He has three days to comply and when we first encounter him he has only managed a mere handful. His cause isn’t helped by the constant interruptions of his mother bearing camomile tea, a deliberately embarrassing running commentary on his non-existent sex life and a dismissive attitude to the works he tentatively reveals. Further interruptions follow in the form of Beatriz, a bookish librarian searching for the truth about her father and Eva who although she seems the least likely to provide any inspiration, unwittingly succeeds in doing so.
It’s an engaging premise and there are some interesting points made about how we see the world and the labels we adopt – is the central figure a painter or an artist; is Eva a prostitute or a sex worker; is Beatriz a librarian or a bibliognost; are they tits or breasts? And does any of this matter?
However, I found the tone uneven as the piece veered from near farce to existential meditation, taking in character comedy, sci-fi commentary and contemplative monologues along the way. The sub-plot about Beatriz’s search for her dad seems unnecessary though it does counterpoint the son/mother theme from the main narrative.
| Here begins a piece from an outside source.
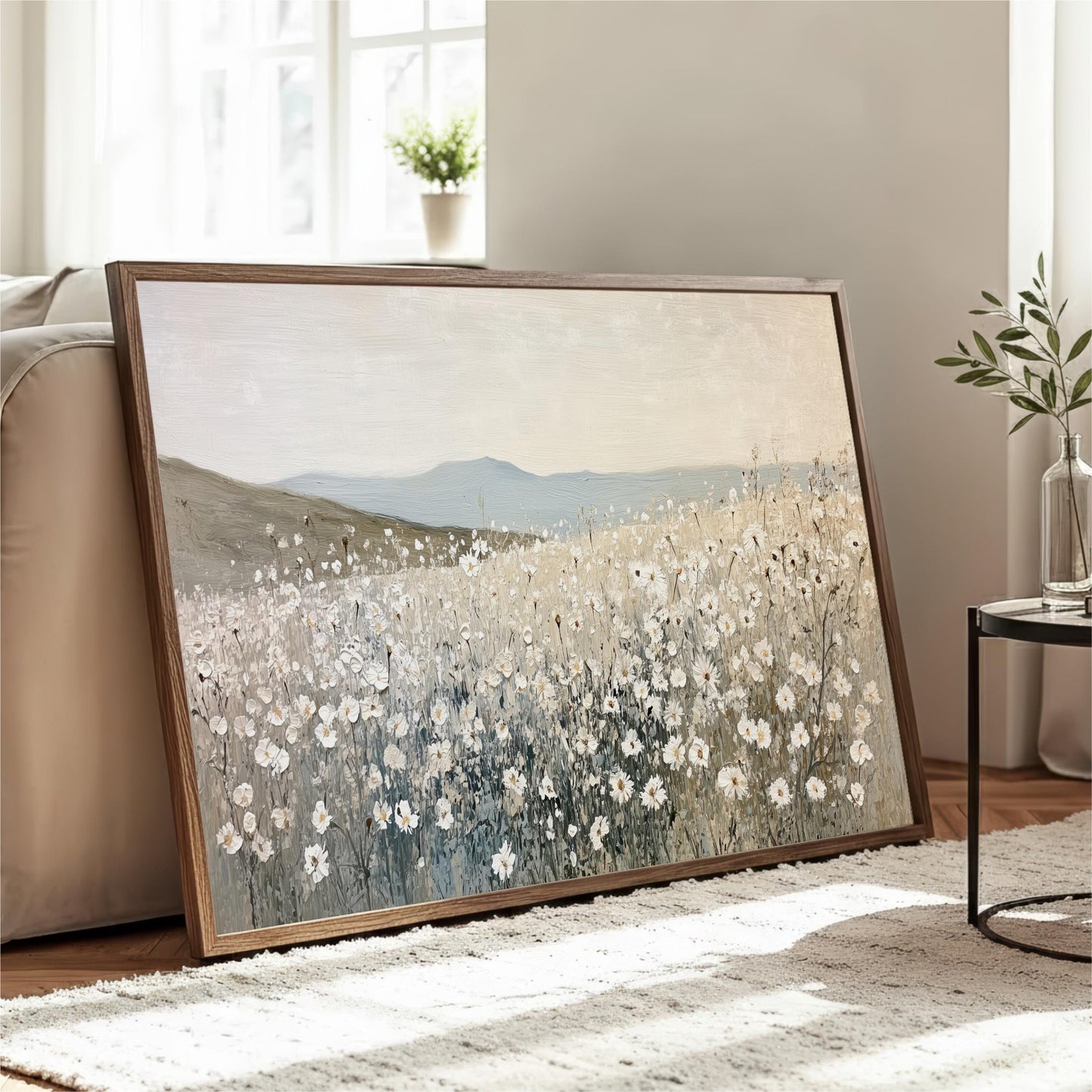 a large painting of a field of flowers, with a serene landscape in the background.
This is explored fully in the first 20 minutes of so as, going for broad comedy, Denise Stephenson’s Mother alternately cossets and berates The Artist of Conrad Williamson – 25 but going on 15 with his petulant outbursts and his bottom lip sticking out in an “it’s not fair” attitude. There’s an air of Harry Enfield’s teenager Kevin meeting Jennifer Saunders’s Ab Fab Edina about the whole sequence but the point could have been made rather more swiftly and economically.
Things take a more serious turn when woman on a mission Beatriz (Jane Christie) arrives and helps the artist to question his credentials. She is succeeded by the largely at first silent but imposing figure of Eva (Juliet Garricks) who quickly becomes The Artist’s muse as he starts to churn out a production line of images which just might get him near his target. There’s also one bona fide piece he creates but fate has other plans for it. This denouement failed to work for me on a production level although it’s difficult to see how it might have been staged better in such a limited space.
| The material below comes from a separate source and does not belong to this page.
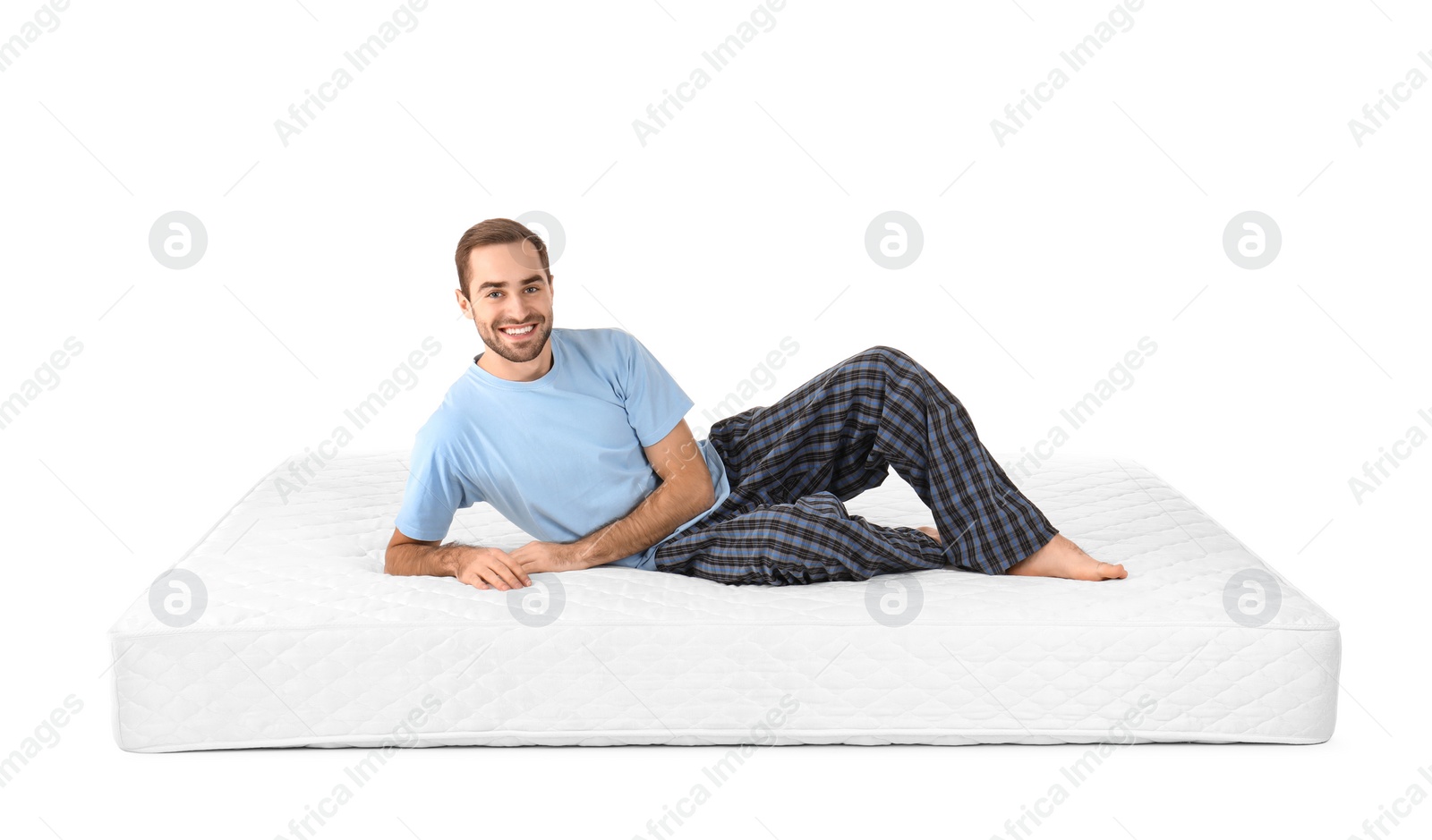 Photo of Young man lying on mattress against white background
Artfully and immersively designed by Zsofia Sarosi, director Zachary Hart makes generally good use of the pocket sized dimensions of the venue but there were times when I had no clear view of what was happening; I spent far too much time staring into the bulky rucksack on Beatriz’s back for instance. And there were interesting effects created by sound and lighting designers Jack Whitney and Jasmine Williams. On a picky technical point, I wasn’t convinced that if all the Savoy’s lighting wasn’t working that there would still be boiling hot tap water and a sprinkler system that continued to operate. Perhaps, unlike the rest of us, the Savoy in the future will still be able to afford their energy bills.